Of course, with our Qdabra Web service (trial is free), it's trivial. Just set the Document Level permissions based on a field in your form (for example, current assignment and manager's alias) and pull manager info from AD. Then, put a dataview on the SharePoint site that calls the Web Service to list documents available to current user. One Form Library for all users and two sets of permissions (one for manager and another for assignee) and config the form to set those on new. I'm guessing it would take an hour.

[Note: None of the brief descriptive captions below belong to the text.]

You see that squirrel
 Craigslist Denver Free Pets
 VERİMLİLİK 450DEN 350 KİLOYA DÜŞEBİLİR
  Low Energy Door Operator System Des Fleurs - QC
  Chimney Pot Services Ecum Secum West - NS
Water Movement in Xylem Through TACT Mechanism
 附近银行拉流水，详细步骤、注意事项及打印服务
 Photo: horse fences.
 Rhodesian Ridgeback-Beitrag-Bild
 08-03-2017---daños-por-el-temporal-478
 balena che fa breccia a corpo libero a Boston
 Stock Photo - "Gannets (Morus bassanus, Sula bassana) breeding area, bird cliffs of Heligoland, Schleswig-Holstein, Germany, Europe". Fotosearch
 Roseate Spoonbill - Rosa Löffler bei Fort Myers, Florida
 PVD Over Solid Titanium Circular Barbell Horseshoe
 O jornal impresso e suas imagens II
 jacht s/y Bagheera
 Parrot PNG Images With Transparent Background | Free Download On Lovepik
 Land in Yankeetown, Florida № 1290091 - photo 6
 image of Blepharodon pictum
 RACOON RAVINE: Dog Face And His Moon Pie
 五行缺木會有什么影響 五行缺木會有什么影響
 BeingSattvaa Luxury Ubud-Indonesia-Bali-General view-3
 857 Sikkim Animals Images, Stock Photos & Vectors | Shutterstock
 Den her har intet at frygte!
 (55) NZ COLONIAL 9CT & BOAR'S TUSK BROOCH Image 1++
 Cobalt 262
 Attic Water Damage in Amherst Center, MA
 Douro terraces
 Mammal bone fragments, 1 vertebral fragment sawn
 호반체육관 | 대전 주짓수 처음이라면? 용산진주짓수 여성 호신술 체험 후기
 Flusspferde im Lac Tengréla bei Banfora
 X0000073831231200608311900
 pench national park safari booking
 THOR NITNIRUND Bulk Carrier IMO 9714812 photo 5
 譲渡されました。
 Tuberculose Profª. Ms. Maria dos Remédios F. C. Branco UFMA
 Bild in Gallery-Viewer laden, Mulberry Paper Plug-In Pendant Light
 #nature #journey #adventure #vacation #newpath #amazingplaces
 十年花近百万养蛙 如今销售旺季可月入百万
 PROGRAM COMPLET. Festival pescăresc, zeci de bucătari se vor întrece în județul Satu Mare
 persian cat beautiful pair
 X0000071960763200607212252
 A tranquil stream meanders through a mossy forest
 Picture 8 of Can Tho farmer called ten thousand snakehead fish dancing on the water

We need to put a how-to video together that shows off this scenario. Anyway, if you'd like to be a testimonial for Qdabra (and beta tester for new stuff), let me know and we can see about doing a special deal for you. Of course, you'll need to have access to the SharePoint server to install the Web Services.

Take care!

I think that ItemPerms and XAML using C# is quite an efficient approach to Item Level Permission on Share Point Lists and libraries. You can set up your list to add a web reference to your C# ItemsPerms file and link it to your InfoPath Form fields respectively. In addtition,  InfoPath provides a code editor for integration of user finely-tuned controls with XAML design viewer for Item level permissions on a per item basis within your Share Point List. I think that end users need to be able to unit test the documents permissions at a site level however, client-based applications are certainly the best for customer credibility. From a developer's persective, when you can actually see the web references connecting to the user controls and allocating permissions in this manner, it certainly provides a very productive web application for your clients.